* [What you will do]
The lines below, from the one holding "Shohei Ohtani signed" through the final line, are to be copied exactly, with no other lines and no pictures.

* [Information provided]
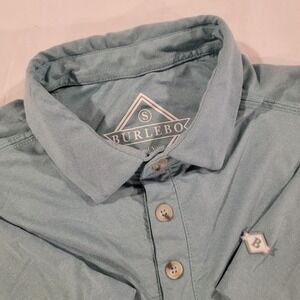 Burlebo Polo Shirt Mens Small Teal Mint Stretch Performance Active Outdoor Golf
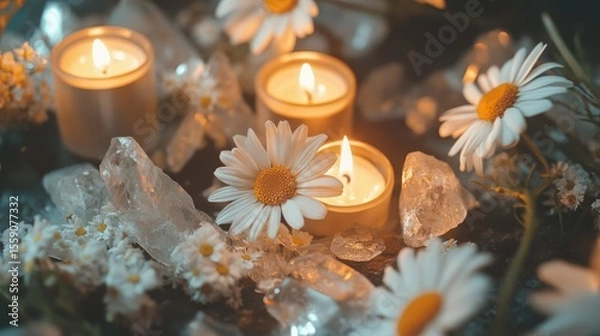 Fototapeta Close-up of chamomile flowers surrounded by smooth crystals and candlelight in tones of earth brown sage and ivory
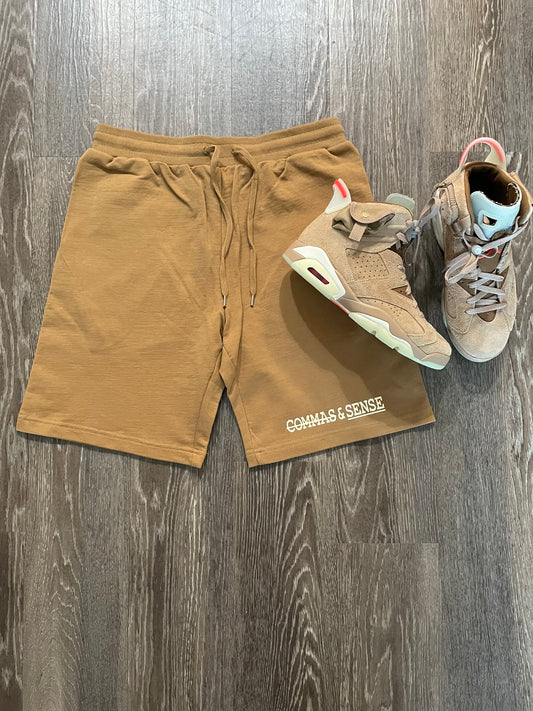 COMMAS & SENSE LOGO SWEAT SHORTS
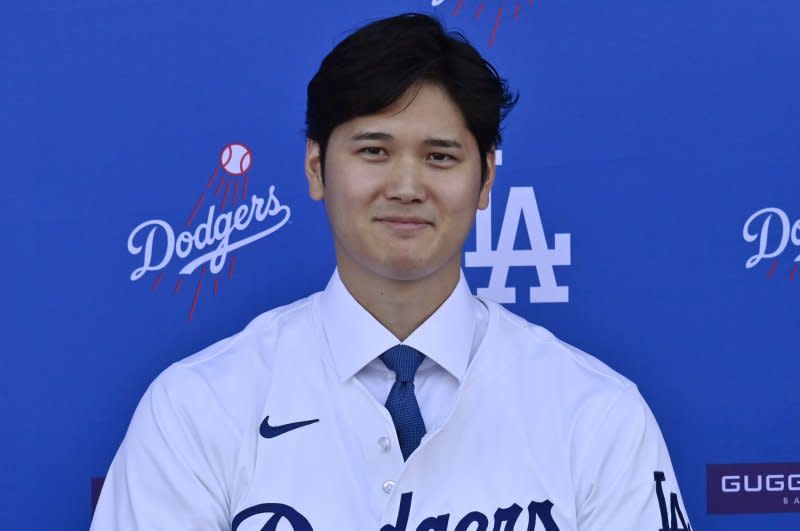 Shohei Ohtani signed a $700 million contract with the Los Angeles Dodgers in December. File Photo by Jim Ruymen/UPI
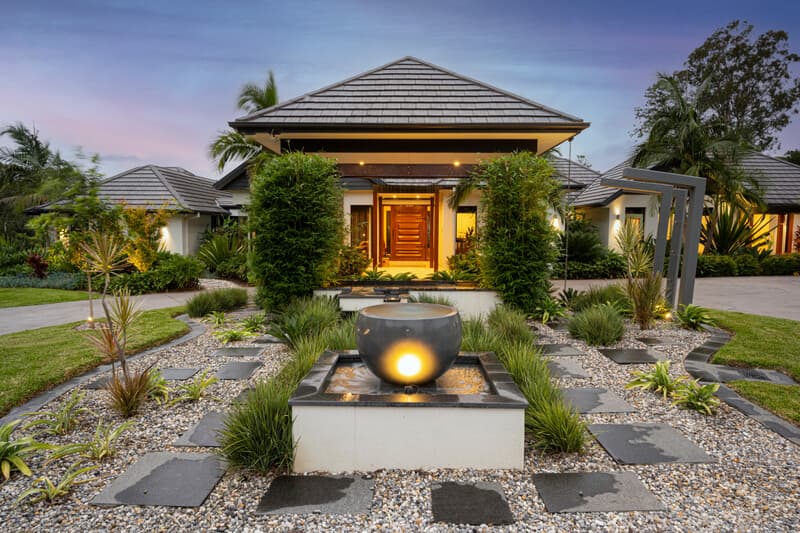 Welcoming front yard entrance with native plants and attractive garden design in Sydney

* [Written reply]
 Shohei Ohtani signed a $700 million contract with the Los Angeles Dodgers in December. File Photo by Jim Ruymen/UPI
 Welcoming front yard entrance with native plants and attractive garden design in Sydney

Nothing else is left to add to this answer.